Also, we know that since other mammals live a lot shorter lives, reprogramming us to live much longer lives is probably possible.

Conclusion : you think you’re going to be dead before any of the stuff we’re talking about matters. So in a way, you’re right. In the reality you will live to see, none of these things are real.

Sadly, we’re still mostly the angry, hateful, spiteful, covetous and greedy hairless apes that we’ve always been.

Until that changes, the global effort required for interstellar travel is probably not going to happen. Too busy trying to figure out better ways of killing each other.

IMHO, God did not leave us stranded, and we will be ‘spaceborne’ as in Rev 12:1-5, the birth of the body of Christ into the heavens (outer space) as us parts of the body of Jesus (1 Cor 12:27).

Warp drive of some sort (hyper, jump, improbability, etc.) is our destiny.

I thought you were going to give it up? All I’m seeing is angry space cadet is angry.

Keep the snarky comments out of here.

I’d say technically no depending on point of view

It is a non return mission, if you find no place that is livable, well eventually the trip is over. you can not live in a space ship forever, eventually you have recycled everything so much there is nothing left.
Also, it’s one of those “If anything breaks you’re F’d” things
Make it out past the solar system and lose engines, “Say good night Gracie”
Have any kind of major mechanical or structural failure and game over, no intergalactic tow truck to come tow you home.
We know moving objects in our own little corner of space, out there though? You could get plowed by a chunk of something that comes out of no where, or get blasted by some
burst of radiation making its way across the universe etc.

And lots of other things.

So yea i would say most people will call it suicidal for a very very long time.
Going to the moon was a suicide mission to most people at the time.
You asked would it be considered suicidal, not would it be impossible.

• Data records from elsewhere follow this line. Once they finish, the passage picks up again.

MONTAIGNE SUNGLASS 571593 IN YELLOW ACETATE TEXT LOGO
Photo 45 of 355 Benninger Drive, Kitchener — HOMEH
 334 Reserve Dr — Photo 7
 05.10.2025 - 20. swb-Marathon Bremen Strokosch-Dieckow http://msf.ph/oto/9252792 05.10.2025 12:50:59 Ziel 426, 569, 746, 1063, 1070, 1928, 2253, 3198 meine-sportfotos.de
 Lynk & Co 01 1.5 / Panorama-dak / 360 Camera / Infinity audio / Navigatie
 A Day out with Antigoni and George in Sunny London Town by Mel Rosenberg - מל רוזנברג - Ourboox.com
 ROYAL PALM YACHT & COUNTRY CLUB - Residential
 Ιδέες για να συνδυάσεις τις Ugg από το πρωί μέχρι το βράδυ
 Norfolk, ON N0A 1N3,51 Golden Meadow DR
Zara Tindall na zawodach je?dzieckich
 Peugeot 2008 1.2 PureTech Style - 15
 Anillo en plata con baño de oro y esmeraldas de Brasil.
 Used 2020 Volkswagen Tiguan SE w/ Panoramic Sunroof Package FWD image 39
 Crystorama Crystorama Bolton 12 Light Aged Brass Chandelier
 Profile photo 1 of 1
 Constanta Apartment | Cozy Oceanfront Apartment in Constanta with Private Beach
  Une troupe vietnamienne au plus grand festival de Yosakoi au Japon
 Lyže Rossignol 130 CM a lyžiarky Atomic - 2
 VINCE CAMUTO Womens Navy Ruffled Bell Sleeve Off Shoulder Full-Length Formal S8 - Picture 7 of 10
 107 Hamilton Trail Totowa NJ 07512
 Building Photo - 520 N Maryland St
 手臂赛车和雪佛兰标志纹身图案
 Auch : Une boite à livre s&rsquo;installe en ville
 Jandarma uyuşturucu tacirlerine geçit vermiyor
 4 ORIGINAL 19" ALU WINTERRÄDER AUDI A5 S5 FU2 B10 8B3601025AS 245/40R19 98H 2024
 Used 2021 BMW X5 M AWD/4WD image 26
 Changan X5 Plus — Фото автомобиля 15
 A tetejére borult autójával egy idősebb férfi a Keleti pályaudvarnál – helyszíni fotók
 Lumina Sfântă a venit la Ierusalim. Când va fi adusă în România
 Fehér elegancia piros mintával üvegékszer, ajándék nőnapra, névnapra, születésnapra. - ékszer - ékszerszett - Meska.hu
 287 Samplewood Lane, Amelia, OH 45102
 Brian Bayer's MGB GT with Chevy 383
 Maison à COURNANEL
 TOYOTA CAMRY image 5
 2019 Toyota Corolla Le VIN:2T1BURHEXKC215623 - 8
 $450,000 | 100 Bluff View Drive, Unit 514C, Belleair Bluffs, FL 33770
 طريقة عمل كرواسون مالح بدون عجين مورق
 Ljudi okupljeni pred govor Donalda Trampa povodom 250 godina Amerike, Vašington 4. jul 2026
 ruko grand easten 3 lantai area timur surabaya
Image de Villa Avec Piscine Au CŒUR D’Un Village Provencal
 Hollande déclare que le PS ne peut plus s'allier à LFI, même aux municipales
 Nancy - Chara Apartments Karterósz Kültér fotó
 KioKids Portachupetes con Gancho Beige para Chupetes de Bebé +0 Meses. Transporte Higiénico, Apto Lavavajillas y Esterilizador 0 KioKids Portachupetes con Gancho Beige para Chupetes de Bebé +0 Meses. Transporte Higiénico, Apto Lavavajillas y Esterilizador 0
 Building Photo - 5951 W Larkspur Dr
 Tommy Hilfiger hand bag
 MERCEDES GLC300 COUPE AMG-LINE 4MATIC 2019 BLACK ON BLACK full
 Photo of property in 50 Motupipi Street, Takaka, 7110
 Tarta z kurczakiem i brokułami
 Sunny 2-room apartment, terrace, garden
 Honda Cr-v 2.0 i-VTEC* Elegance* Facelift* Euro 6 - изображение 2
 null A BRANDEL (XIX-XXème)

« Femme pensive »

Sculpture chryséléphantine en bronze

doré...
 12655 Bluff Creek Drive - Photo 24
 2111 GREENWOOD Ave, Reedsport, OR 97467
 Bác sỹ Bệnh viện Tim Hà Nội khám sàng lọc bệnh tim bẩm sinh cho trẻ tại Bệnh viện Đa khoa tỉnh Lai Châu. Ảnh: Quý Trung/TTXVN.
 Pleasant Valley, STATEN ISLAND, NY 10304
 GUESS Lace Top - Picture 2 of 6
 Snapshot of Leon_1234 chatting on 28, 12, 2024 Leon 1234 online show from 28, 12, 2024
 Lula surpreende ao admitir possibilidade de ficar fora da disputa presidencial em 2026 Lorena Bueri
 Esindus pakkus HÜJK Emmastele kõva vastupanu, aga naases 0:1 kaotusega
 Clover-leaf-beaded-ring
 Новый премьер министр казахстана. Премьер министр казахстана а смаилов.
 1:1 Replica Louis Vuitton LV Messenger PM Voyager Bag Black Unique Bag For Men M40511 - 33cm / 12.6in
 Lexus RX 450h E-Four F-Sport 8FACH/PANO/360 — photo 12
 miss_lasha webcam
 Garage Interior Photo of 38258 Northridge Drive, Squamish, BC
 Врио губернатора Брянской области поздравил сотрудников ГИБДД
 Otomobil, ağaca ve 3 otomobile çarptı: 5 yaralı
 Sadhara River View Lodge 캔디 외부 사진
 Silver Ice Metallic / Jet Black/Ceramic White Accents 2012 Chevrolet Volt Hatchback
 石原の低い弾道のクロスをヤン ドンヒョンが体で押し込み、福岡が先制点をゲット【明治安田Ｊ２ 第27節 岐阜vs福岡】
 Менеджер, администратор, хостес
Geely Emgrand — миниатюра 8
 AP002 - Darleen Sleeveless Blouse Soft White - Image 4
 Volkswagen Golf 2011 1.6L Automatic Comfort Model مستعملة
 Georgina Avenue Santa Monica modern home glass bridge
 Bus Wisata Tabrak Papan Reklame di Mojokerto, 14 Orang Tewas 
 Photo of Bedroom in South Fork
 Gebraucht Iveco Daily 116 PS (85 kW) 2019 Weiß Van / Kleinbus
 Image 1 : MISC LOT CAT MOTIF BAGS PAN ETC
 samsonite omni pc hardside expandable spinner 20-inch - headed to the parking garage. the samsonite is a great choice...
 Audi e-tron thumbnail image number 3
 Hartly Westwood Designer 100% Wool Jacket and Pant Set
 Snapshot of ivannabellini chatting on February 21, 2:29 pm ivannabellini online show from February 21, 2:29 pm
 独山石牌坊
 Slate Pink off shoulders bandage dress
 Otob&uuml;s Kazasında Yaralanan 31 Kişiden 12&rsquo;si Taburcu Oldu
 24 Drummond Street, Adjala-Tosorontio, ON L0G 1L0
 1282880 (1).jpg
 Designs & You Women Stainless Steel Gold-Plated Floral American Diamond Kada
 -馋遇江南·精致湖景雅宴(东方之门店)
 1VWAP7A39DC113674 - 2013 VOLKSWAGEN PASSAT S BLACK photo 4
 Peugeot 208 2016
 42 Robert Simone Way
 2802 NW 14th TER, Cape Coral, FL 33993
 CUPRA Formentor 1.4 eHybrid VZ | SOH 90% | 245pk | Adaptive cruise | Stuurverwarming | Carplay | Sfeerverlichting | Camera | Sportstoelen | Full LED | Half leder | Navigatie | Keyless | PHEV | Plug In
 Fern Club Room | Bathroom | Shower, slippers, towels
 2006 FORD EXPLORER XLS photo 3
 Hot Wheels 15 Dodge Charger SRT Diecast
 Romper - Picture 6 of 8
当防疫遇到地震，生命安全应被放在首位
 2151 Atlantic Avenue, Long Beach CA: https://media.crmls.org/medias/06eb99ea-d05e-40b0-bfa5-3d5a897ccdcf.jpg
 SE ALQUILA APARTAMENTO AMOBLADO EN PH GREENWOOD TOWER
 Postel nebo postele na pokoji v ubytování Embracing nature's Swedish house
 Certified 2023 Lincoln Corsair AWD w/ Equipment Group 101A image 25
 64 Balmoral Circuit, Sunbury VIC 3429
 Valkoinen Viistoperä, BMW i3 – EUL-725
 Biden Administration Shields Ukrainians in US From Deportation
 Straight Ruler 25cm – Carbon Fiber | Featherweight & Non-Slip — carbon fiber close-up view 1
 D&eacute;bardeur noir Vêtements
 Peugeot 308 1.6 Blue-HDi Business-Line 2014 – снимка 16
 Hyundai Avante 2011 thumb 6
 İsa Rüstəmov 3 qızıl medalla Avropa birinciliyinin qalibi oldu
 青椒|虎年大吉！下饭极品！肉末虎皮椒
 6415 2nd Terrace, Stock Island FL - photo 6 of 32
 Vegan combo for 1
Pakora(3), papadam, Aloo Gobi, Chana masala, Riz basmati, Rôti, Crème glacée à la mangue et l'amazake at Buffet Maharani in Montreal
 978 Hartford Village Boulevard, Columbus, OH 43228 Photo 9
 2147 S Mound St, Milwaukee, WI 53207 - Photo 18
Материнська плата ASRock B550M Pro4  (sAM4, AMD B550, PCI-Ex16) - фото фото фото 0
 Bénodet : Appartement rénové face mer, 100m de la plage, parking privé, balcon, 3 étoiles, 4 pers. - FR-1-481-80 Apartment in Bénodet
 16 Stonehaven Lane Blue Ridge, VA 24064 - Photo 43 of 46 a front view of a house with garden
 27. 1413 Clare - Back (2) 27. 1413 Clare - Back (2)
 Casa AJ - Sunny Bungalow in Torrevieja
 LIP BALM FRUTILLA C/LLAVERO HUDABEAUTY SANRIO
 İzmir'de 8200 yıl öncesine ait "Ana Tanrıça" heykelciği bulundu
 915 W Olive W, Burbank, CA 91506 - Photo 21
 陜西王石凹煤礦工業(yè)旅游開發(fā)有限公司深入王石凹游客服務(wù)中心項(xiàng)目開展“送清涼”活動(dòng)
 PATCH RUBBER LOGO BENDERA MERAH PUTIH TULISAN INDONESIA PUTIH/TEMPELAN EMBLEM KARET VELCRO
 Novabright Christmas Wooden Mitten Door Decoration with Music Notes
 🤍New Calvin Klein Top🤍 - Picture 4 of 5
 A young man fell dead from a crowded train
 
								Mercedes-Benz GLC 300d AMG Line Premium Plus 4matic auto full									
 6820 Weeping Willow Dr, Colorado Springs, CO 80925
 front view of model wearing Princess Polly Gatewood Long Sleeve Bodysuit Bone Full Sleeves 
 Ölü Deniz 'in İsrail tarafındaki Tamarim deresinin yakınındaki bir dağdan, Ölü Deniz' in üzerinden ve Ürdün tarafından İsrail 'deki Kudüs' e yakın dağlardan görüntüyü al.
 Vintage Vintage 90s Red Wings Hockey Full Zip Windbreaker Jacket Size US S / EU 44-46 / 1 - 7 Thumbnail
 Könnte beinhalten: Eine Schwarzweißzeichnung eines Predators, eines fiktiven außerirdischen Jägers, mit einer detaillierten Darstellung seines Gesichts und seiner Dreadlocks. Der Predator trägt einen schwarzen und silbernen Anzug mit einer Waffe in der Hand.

I for one highly doubt it, we are stuck on this planet a long long time. The distances to travel are incomprehensible, the energy required is immense beyond belief.

Isn’t it speculated that if the em drive works as advertised, that we can make it to Alpha Centauri in about 100 years?

Well, playing with some numbers, to get to Alpha Centauri in 100 years by accelerating all the way to the midway point, flipping over, and decelerating the rest of the way, the drive would have to provide 0.00167 Gs of thrust (or around 0.0164 m/s[sup]2[/sup]. Maximum speed at the midway point would be 25,752 kilometers per second (around 57.6 million miles per hour.) **

A Newton is the force needed to accelerate 1 kilogram by 1 meter per second squared. The Alpha Centauri ship would need to provide 0.0164 Newtons per kilogram of mass. The NASA experiment with the emdrive showed a thrust of 0.0012 Newtons per kilogram of mass per kilowatt of **electricity used. So if these results are real and not experimental error, maybe 10 to 15 kilowatts per kilogram to reach that level of acceleration? Call it 10 for ease of math.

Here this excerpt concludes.